Superboy (TV series)
From Wikipedia, the free encyclopedia
Superboy (later "The Adventures of Superboy") | |
---|---|
Genre | Action/Drama |
Creator(s) | Ilya Salkind, Alexander Salkind |
Starring | John Haymes Newton as Clark Kent/Superboy (Season 1 only) Gerard Christopher as Clark Kent/Superboy (Seasons 2-4) Stacy Haiduk as Lana Lang |
Country of origin | United States |
No. of episodes | 100 |
Production | |
Running time | approximately 22 minutes |
Broadcast | |
Original channel | Syndication |
Original run | October 1988 – June 1992 |
Superboy is a half-hour live-action television series based on the fictional DC Comics character. The show ran from 1988–1992 in syndication. The show was renamed The Adventures of Superboy at the start of the third season.
Contents |
[edit] Background
The series was brought to the screen by executive producers Ilya & Alexander Salkind, the producers of the first three Superman movies and the 1984 Supergirl movie. The series, ironically, came about a year after DC Comics had "erased" the character of Superboy from their continuity in The Man of Steel reboot by John Byrne. Nevertheless, the show went on in October 1988 with John Haymes Newton playing the lead role of Superboy/Clark Kent, along with Stacy Haiduk as love interest Lana Lang, and Jim Calvert as Clark's college roommate T.J. White. Scott James Wells played Superboy's arch-nemesis Lex Luthor and Clark's loving parents, Jonathan and Martha Kent, were portrayed by Stuart Whitman and Salome Jens, respectively.

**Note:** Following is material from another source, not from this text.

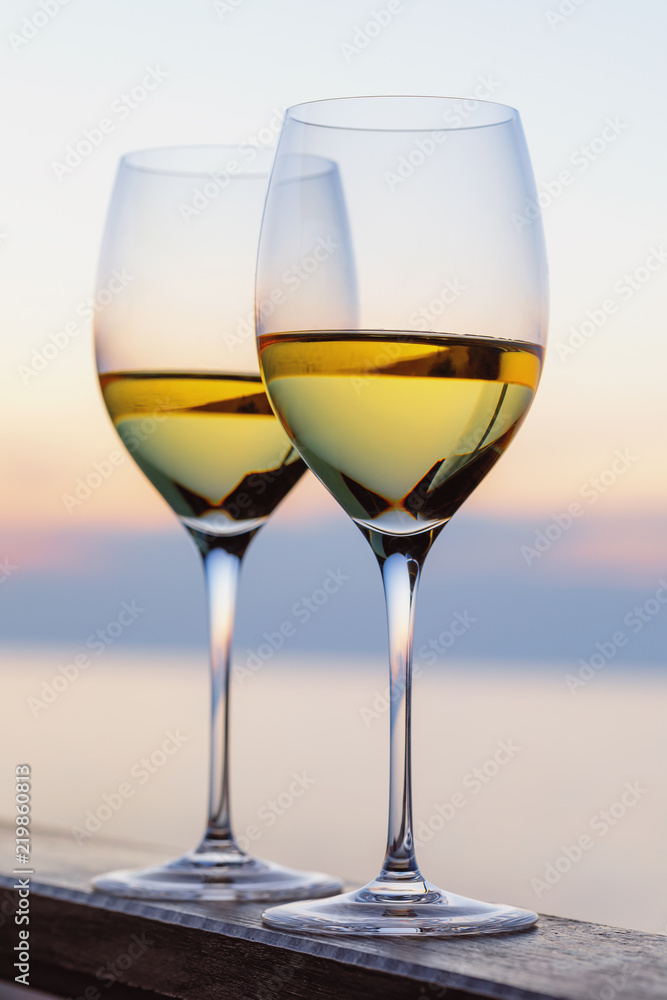 Two glasses of wine against the backdrop of the setting sun, closeup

This version of "Superboy" featured Clark Kent/Superboy in college at Shuster University in Siegelville, Florida (names which reference Superman's creators, Joe Shuster and Jerry Siegel). This was, of course, due partially to the fact that the show was filmed in Orlando, Florida, in the Disney (season 1) and Universal (seasons 2-4) studios. At first, much of the action centered around stories that Clark and T.J. reported on for the college newspaper, the Shuster Herald. All the exterior scenes shot at "Shuster University" are actually filmed on the main campus of the University of Central Florida. Siegelville, however, was depicted as a coastal city, as evidenced by imagery of both the new and old Sunshine Skyway Bridges in St. Petersburg, Florida, in the opening credits.

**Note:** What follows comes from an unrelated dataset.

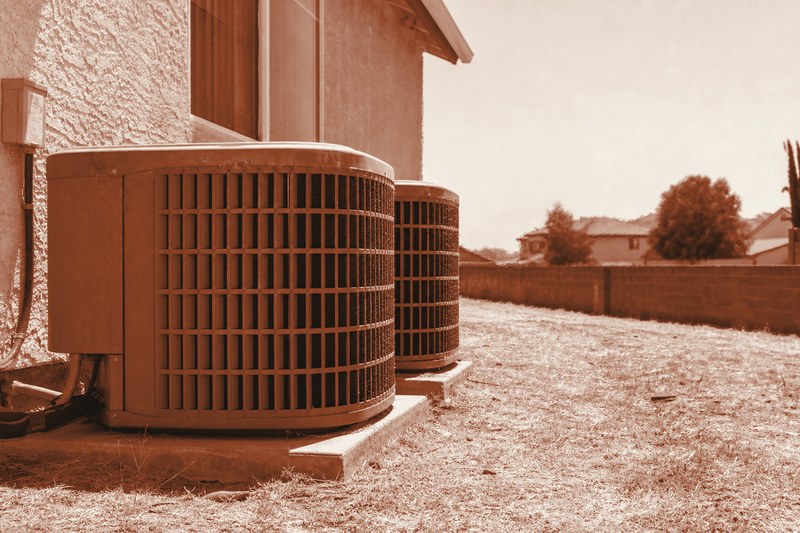 Residential AC condenser units baking in the sun beside a house during a summer heat wave.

[edit] Comic book writers' contributions
Unlike other television incarnations of the Superman character, "Superboy" was brought to life by many actual comic book writers. Superman editors Michael Carlin and Andy Helfer penned several memorable episodes, such as "The Alien Solution", its sequel "Revenge of the Alien", and "The Bride of Bizarro". Other comic book writers that contributed to the series include: Denny O'Neil, Cary Bates, J.M. DeMatteis, and Mark Evanier.
[edit] Series history
[edit] Season one
Thirteen episodes were initially filmed for Season 1, beginning with "Countdown to Nowhere", featuring Superboy's first appearance in public as he prevents a group of saboteurs from selling a powerful laser weapon developed by the U.S. government to an arms dealer. "Countdown to Nowhere" aired in two versions: an "uncut" version in which the story plays in the present day, and a second version in which the main story is introduced as a flashback through two additional scenes with Lana, Clark, & T.J. in the Shuster Herald's office. The second version has some scenes cut in order to fit the flashback lead-ins into the episode.
The first thirteen episodes of Superboy were rather crude compared to later episodes. The producers, not sure whether any additional episodes would be ordered, did their best to save money on the first thirteen. As a result, the special effects are a bit rougher, and the episodes have a grittier, real world feel to them. This brought about more character oriented stories, and stories with more ordinary villains like drug dealers and crime bosses.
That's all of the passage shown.